> _ABOUT THIS EXERCISE_: Only the lines below from the one containing "Ghete Dama Imblanite" through the one containing "Bids.com 14K Rose" belong in the answer, set down exactly, with the pictures left out.

══ MATERIAL TO PROCESS

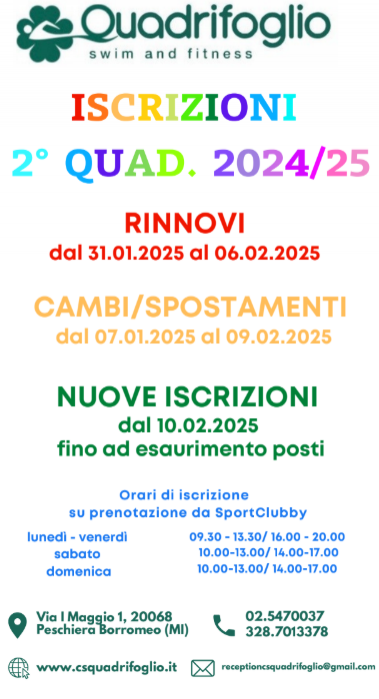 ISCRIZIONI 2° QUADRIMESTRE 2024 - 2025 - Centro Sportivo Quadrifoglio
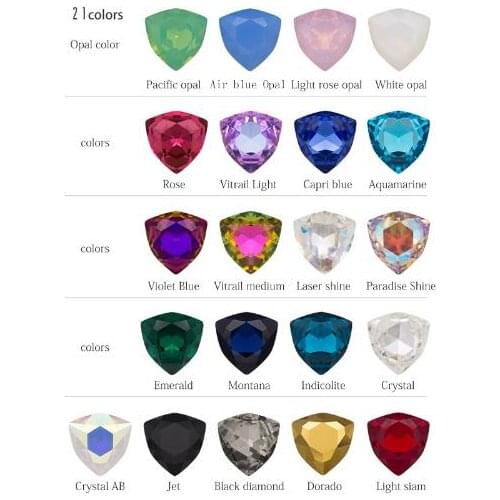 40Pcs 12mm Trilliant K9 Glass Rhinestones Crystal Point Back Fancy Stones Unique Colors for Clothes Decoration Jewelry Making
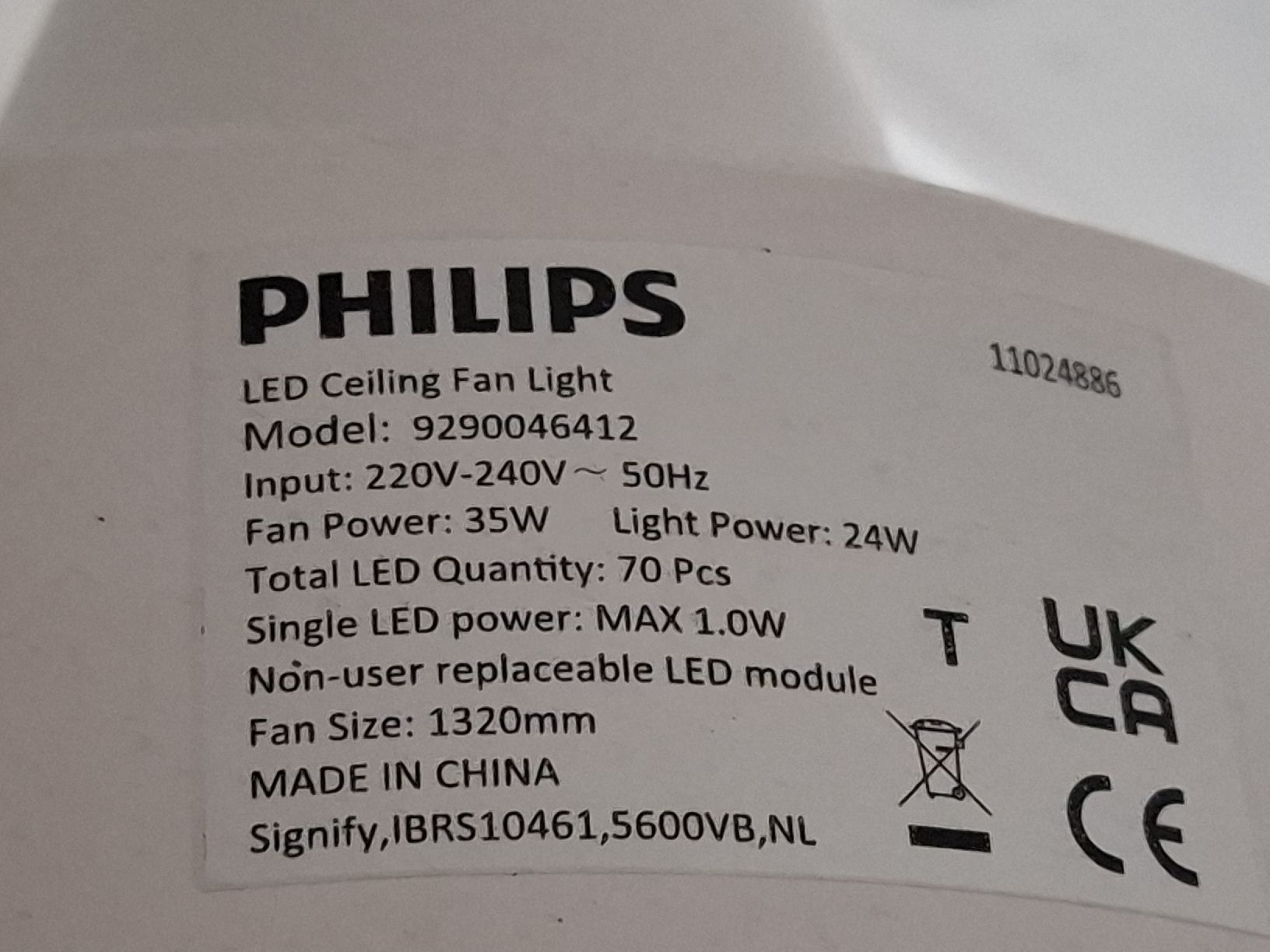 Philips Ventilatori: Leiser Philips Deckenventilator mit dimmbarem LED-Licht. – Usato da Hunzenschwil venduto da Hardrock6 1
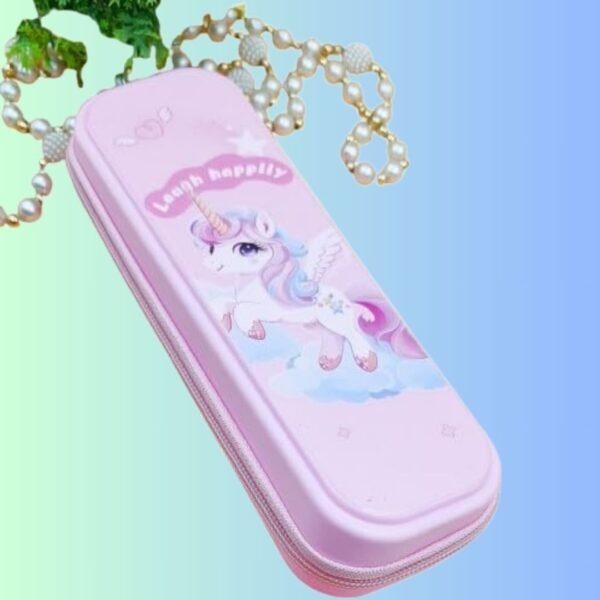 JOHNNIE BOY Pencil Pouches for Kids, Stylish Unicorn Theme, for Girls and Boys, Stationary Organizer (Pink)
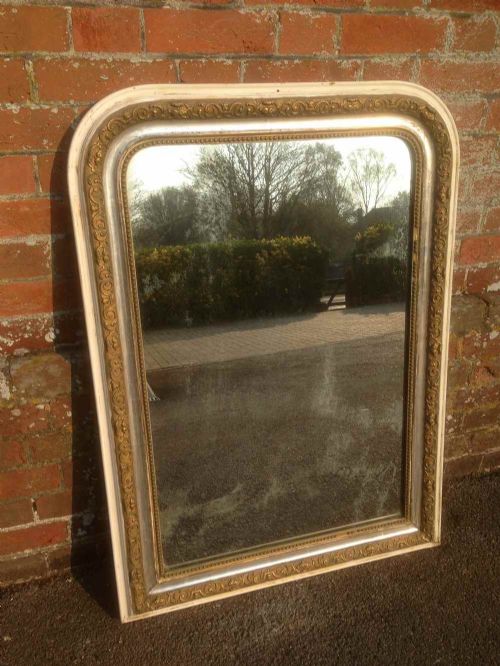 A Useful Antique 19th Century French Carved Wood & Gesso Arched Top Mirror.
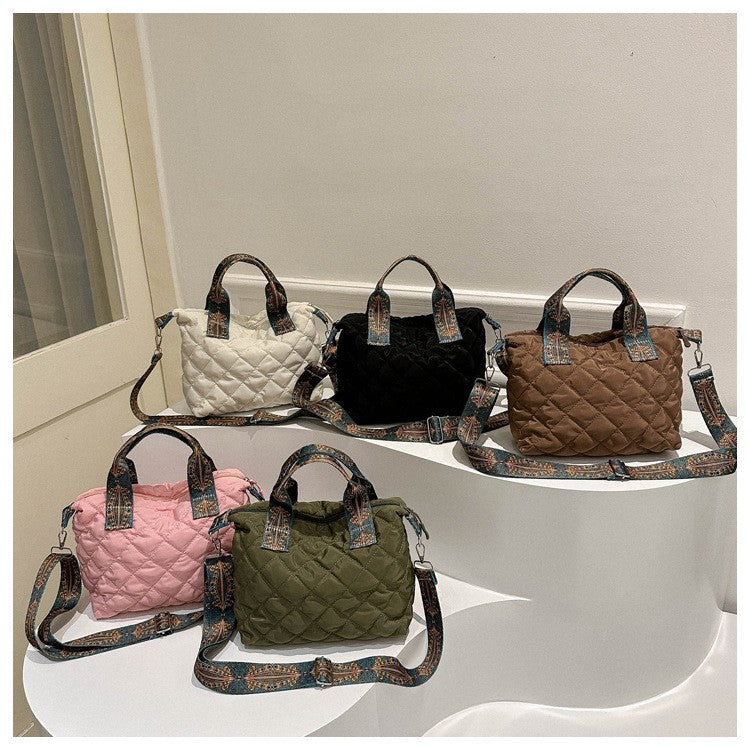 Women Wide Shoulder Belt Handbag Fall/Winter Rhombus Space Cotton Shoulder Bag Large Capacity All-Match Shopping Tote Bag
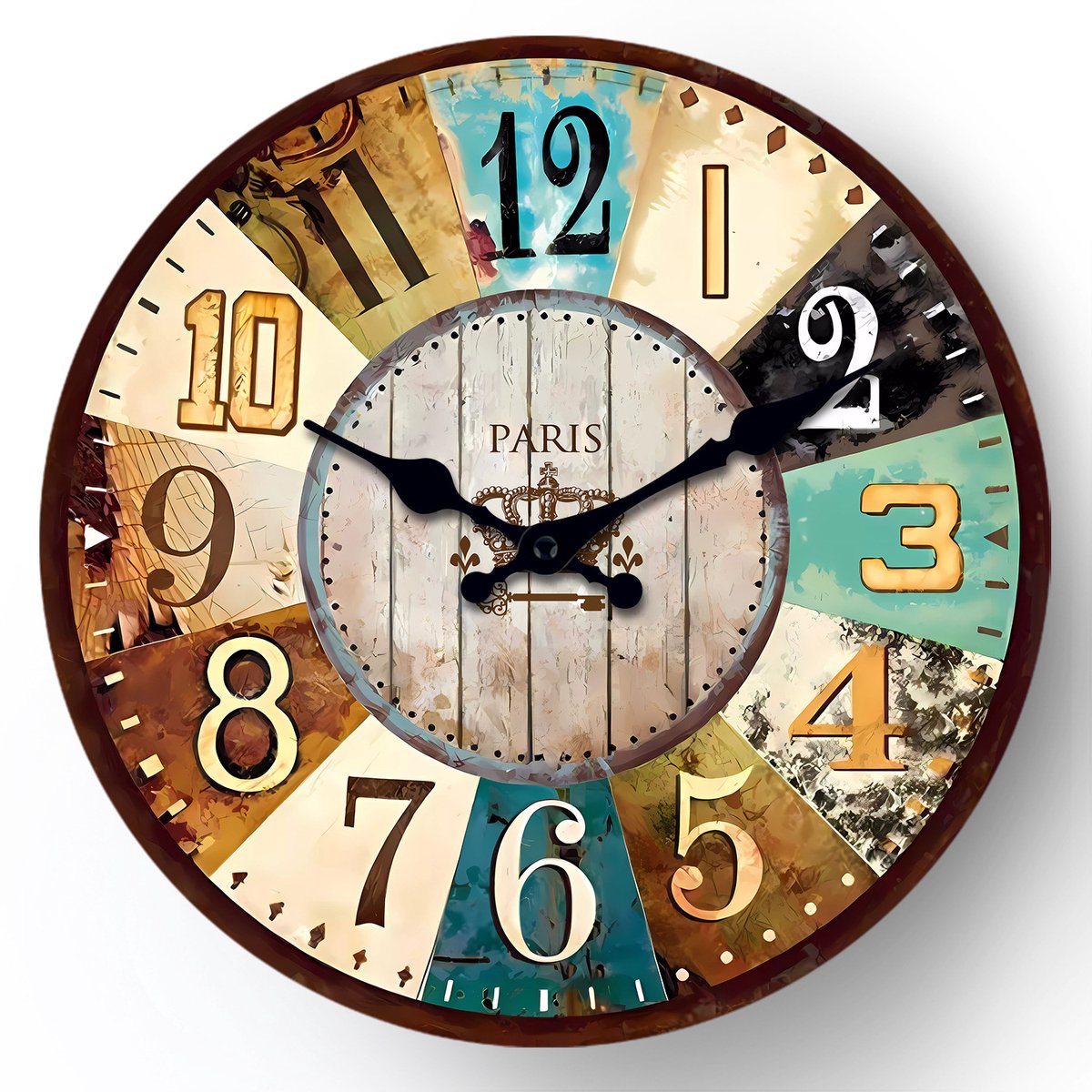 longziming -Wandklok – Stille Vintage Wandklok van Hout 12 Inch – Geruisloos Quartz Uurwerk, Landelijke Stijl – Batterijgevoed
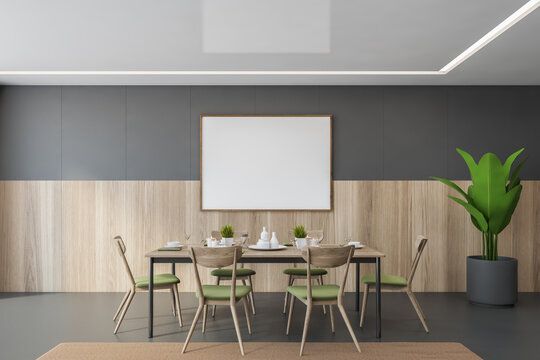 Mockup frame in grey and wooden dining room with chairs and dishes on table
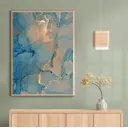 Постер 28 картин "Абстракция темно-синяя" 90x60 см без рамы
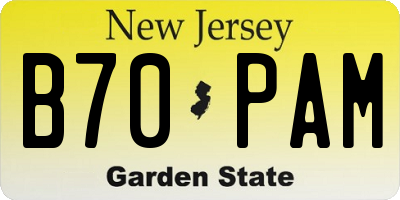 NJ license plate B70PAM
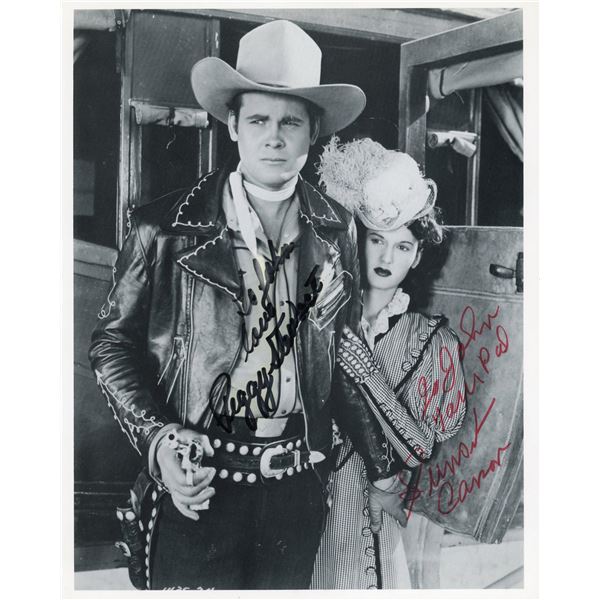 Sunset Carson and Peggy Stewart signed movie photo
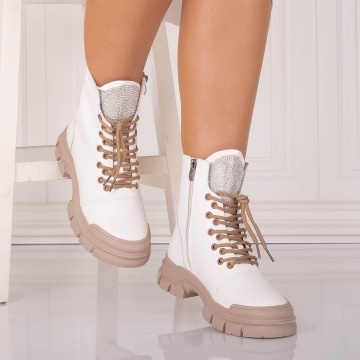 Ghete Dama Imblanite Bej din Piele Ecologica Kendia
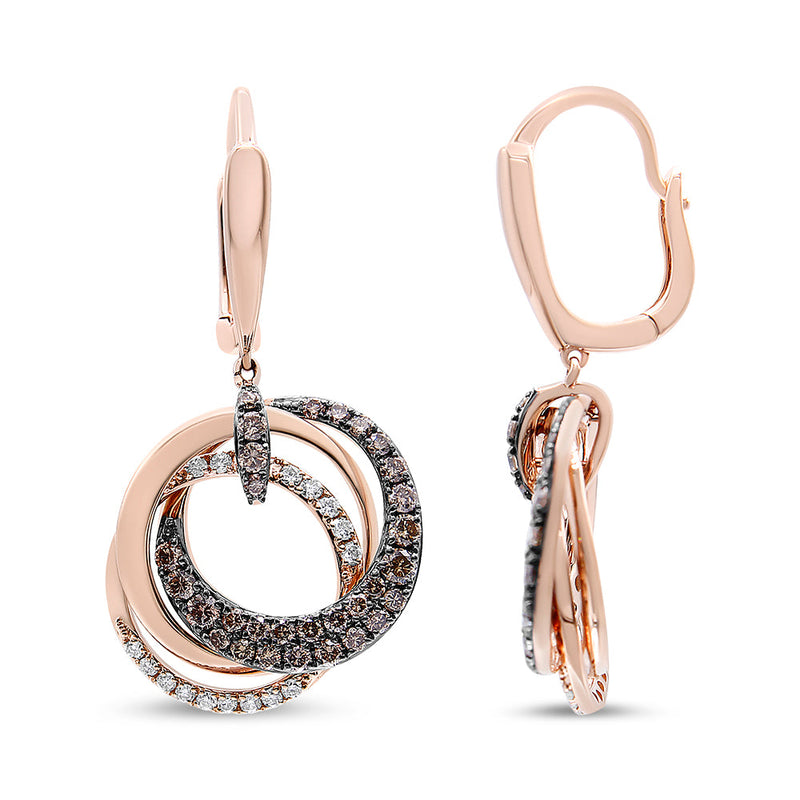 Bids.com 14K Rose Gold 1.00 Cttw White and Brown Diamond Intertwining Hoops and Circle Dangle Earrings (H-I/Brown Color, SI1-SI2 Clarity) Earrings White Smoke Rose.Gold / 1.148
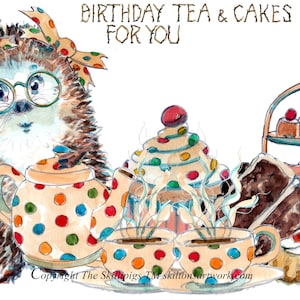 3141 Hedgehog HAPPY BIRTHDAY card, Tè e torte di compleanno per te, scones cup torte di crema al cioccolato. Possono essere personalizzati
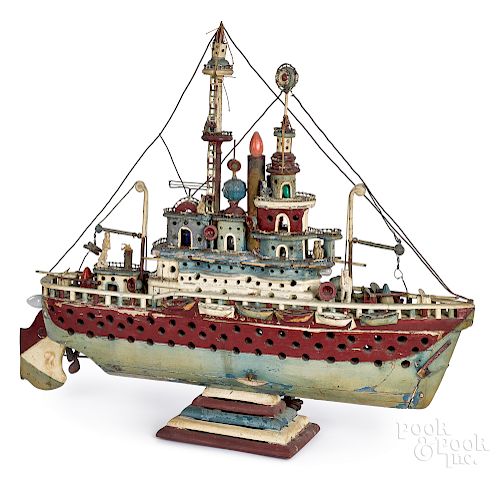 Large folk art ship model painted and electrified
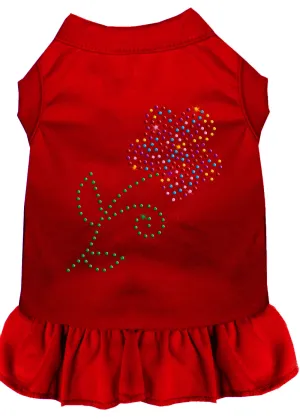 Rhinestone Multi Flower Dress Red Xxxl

════

> _ANSWER BOX_:
 Ghete Dama Imblanite Bej din Piele Ecologica Kendia
 Bids.com 14K Rose Gold 1.00 Cttw White and Brown Diamond Intertwining Hoops and Circle Dangle Earrings (H-I/Brown Color, SI1-SI2 Clarity) Earrings White Smoke Rose.Gold / 1.148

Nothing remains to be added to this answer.